As time goes by, the significance of our legacy grows. Along with that significance grows the responsibility of maintaining and transmitting our legacy. The time after Pesach is significant with regards to the responsibility of maintaining that legacy. During the seder we speak of
“vehigadeta levincha” – and you shall tell your child the story of the Jewish people. Transmitting our legacy is the mitzvah du jour.
Often I ponder about my personal legacy and what it means to transmit that to my children. As a convert, I am on the one hand a daughter of Avraham and Sarah like any other Jew, but there is also what I carry from before. These divergent threads intertwine to make up the rope of legacy that I wish to transmit.
A part of me is closer to Avraham and Sarah. When my name is mentioned ritually, I am referred to as Shoshana bat Avraham Avinu/Sarah Imeinu. But a part of me is a newcomer to all of that legacy, a giyoret, a foreigner. At the end of the day the history I transmit to my children is the same as every other Jew, via a channel that is unique to me. Perhaps this is true for all of us.
As we celebrate Pesach, we’re celebrating the exodus from Egypt. We’re commemorating the birth of our nation, a collective conversion of sorts. We were transformed overnight from being Egyptian slaves to proud Jews. The celebration of our birth as a people is very personal to me, for when I emerged from the mikvah two days before Pesach six years ago, I was reborn as a Jew. From this perspective, my personal history parallels our collective one.
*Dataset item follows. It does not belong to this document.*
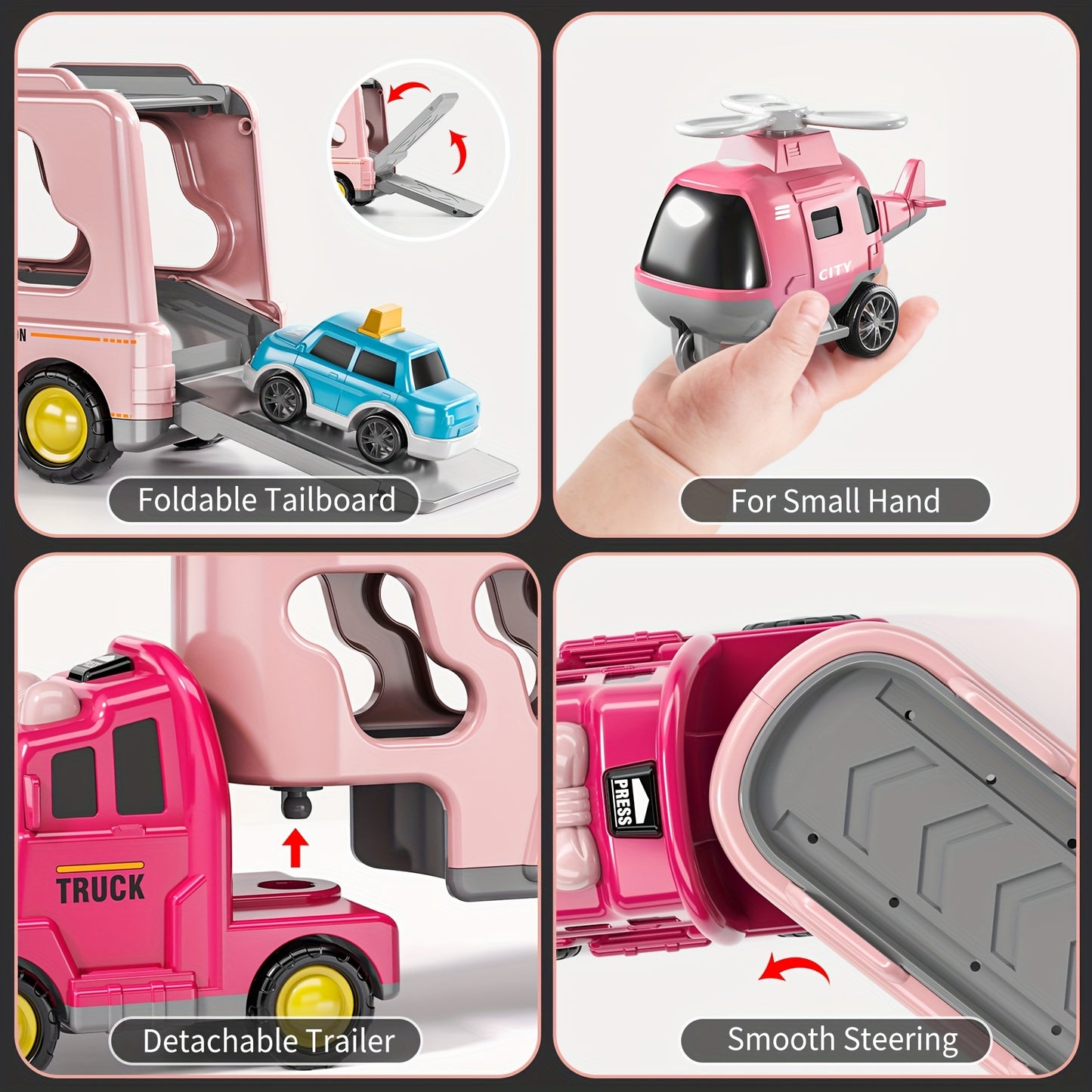 Girls Truck Toys For 3 4 5 6 Year Old Girls, 5-in-1 Friction Power Vehicle Car Toy For Toddlers 3-6, Carrier Toys For Kids 3-5, Christmas Birthday Gifts For Girls Age 3-9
It always puzzles me when other Jews ask me why I converted. Don’t they realize that our heritage is a treasure chest of ancient but eternal wisdom? A wisdom that has the potential to help you live a life of deep meaning and great satisfaction. From the first encounter I had with Judaism, something stirred deep within me. Every subsequent experience furthered that awakening, and I found that my Jewishness was something that was always there beneath the surface. The actual giyur formalized and solidified that which was always there.
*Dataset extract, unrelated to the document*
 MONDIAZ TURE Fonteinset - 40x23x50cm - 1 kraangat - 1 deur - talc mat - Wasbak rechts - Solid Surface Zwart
It is not I who asks you to see things from my perspective, for you read it in the haggadah every year: “In each and every generation one must see himself as if he exited Egypt.” If we want to get this message across to our children, we must recognize that we aren’t sharing a historical experience that happened over 3,300 years ago. Rather, we must see ourselves as having exited Egypt in our own lifetimes. We all tell this story: I was in Egypt, G-d chose to take me out of there, and here I stand before you transformed, Jewish. In fact, this is a tenet of our faith. When we finally get to meet G-d face to face, he introduces himself as, “I am G-d your Lord who has taken you out of Egypt.” The “you” is in singular. So in a sense the tables have turned; while there are experiences that come to born-Jews naturally, ones that I’ve had to adapt to, this principle of our faith – seeing oneself as having left Egypt – I believe comes more naturally to me because of my conversion.
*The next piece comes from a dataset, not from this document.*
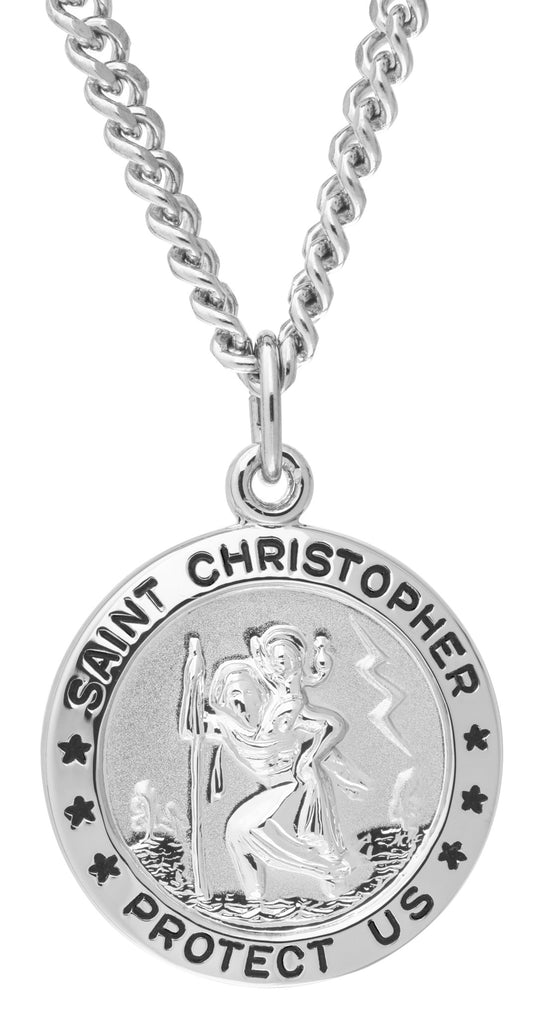 Sterling Silver St. Christopher Medal on Chain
We each have our Egypt, our “scenic route,” our skeletons, weaknesses, and challenges. Leaving that Egypt behind becomes our unique path up Mt. Sinai. This journey is one that forever fuses each of our personal histories – what we each bring to our Judaism – with the collective legacy we all share. And thus the Torah repeatedly commands: Love the foreigner because you, too, were foreign in the land of Egypt. Once you feel the exodus from Egypt as real for you today, then it’s natural for you to identify with the convert. You and I are not so different, as you, too, are a first-generation Jew, in your own way.